KEIR RADNEDGE REPORTS: Nasser Al-Khelaifi, converted almost overnight from a figure of derision to football’s ultimate good guy, is new chairman of the battered European Club Association.
The Qatari has attracted controversy over the past decade for the ever-extending media rights tentacles of the beIN Media Group he heads and for pouring apparently limitless funds into turning Paris Saint-Germain into one of Europe’s most powerful clubs.
His status saw him not only appointed to the executive committee of the 246-strong ECA but becoming one of its two representatives on the exco of European federation UEFA.
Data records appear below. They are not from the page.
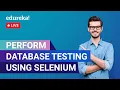 Perform Database Testing Using Selenium Selenium Tutorial Edureka Selenium Live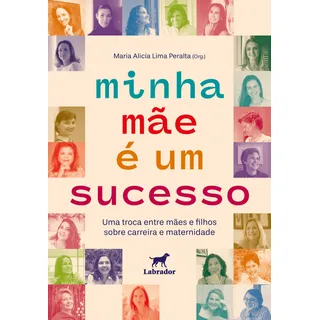 Minha MĂŁe Ă Um Sucesso - Uma Troca Entre MĂŁes E Filhos Sobre Carreira E Maternidade - Peralta, Maria Alicia Lima Minha MĂŁe Ă Um Sucesso - Uma Troca Entre MĂŁes E Filhos Sobre Carreira E Maternidade - Peralta, Maria Alicia Lima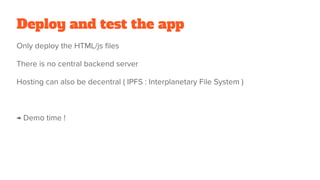 Deploy and test the app
Only deploy the HTML/js files
There is no central backend server
Hosting can also be decentral ( IPFS : Interplanetary File System )
→ Demo time !
 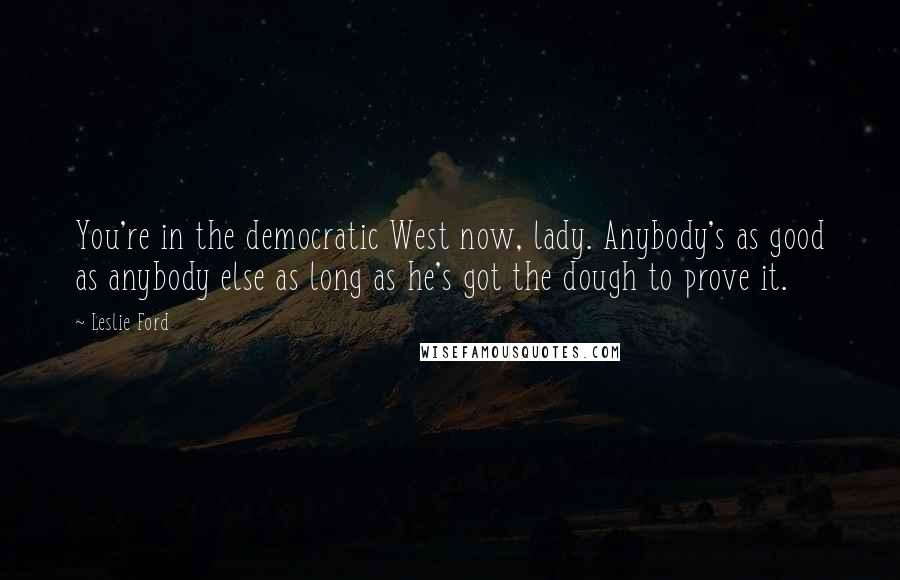 Leslie Ford Quotes: You're in the democratic West now, lady. Anybody's as good as anybody else as long as he's got the dough to prove it.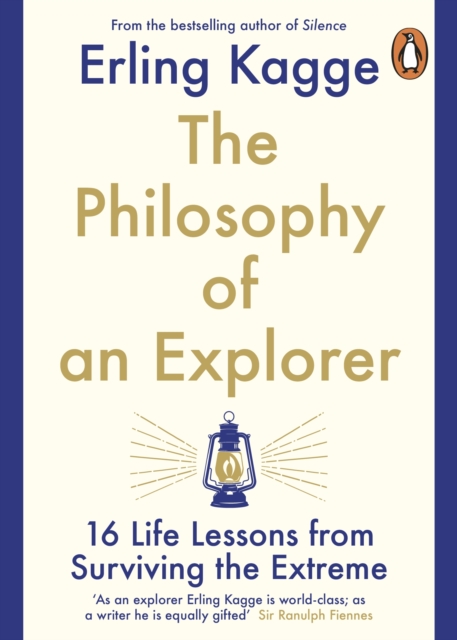 Book cover of The Philosophy of an Explorer
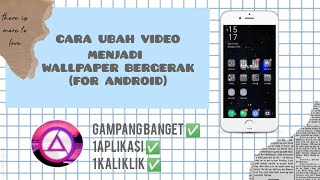 CARA MENGUBAH VIDEO JADI WALLPAPER  BERGERAK, FOR ANDROID PALING MUDAH !!!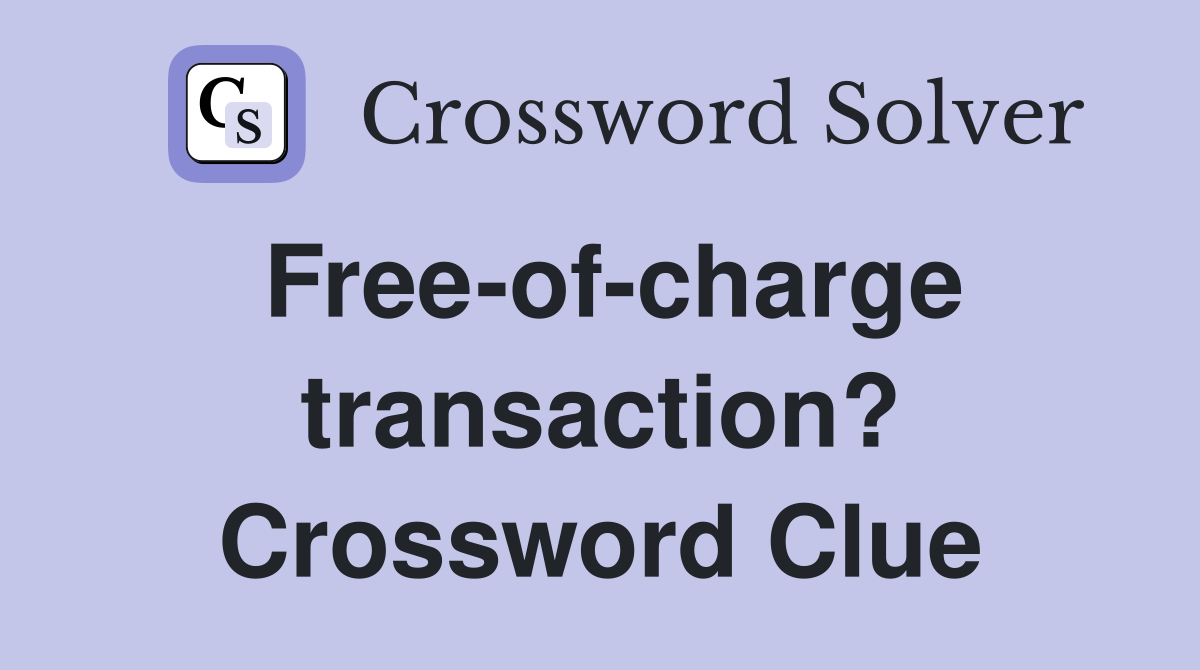 Free-of-charge transaction? Crossword Clue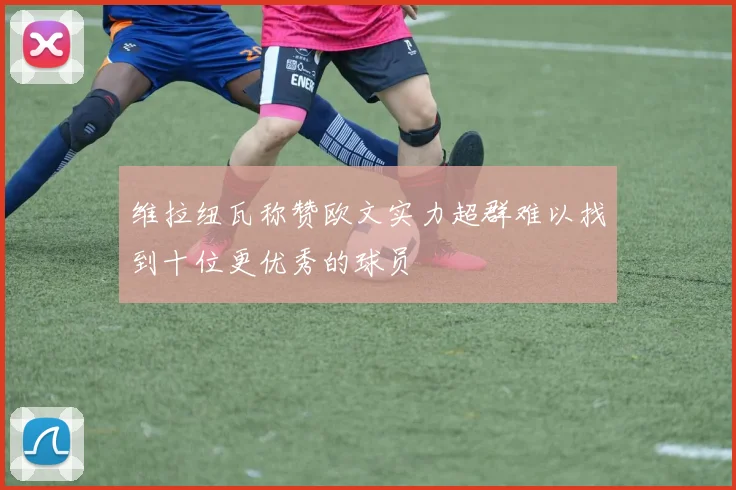 维拉纽瓦称赞欧文实力超群难以找到十位更优秀的球员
Simultaneously, however, he is contesting an appeal by Swiss prosecutors against his being cleared over an allegation that he had colluded illicitly with ex-FIFA secretary-general Jerome Valcke to acquire World Cup TV rights.
All that was forgotten at the start of this week when Al-Khelaifi refused to take PSG into the Super League venture and was thanked personally and publicly by UEFA president Aleksander Ceferin during the governing body’s congress on Tuesday.
Now he has been appointed to step up to replace disgraced Italian Andrea Agnelli as new president of ECA whose members the Juventus supremo had betrayed by helping lead the breakaway Super League.
All 12 Super League clubs quit ECA at the weekend so a reorganised ECA executive line-up was needed and has now been duly confirmed.
Al-Khelaifi said: “I am honoured and humbled to have been appointed as chairman. The leadership, integrity and togetherness of our organisation has never been more required than at this pivotal moment in European football.
ECA also welcomed the collapse of the Super League. A statement said:
Following the unprecedented events of recent days which has seen attempts to undermine the entire European football community, ECA – representing the leading football clubs of Europe – welcomes the decision from its former member clubs not to pursue their purported “Super League” project, following the seismic and universal condemnation of the project by the entire football community and across society as a whole.
ECA firmly believes this project could not succeed because football, at its core, is based on openness, sporting excellence and an inherent connection between everyone across the football family.
Football is for everybody.
Recent events have been a reminder that club owners are merely custodians of their clubs, which are historic beacons that mean so much to fans and their communities.
ECA believes that it is the responsibility of every member club to ensure that we develop football and leave it in a better place for the next generation; not to dismantle it purely for financial gain.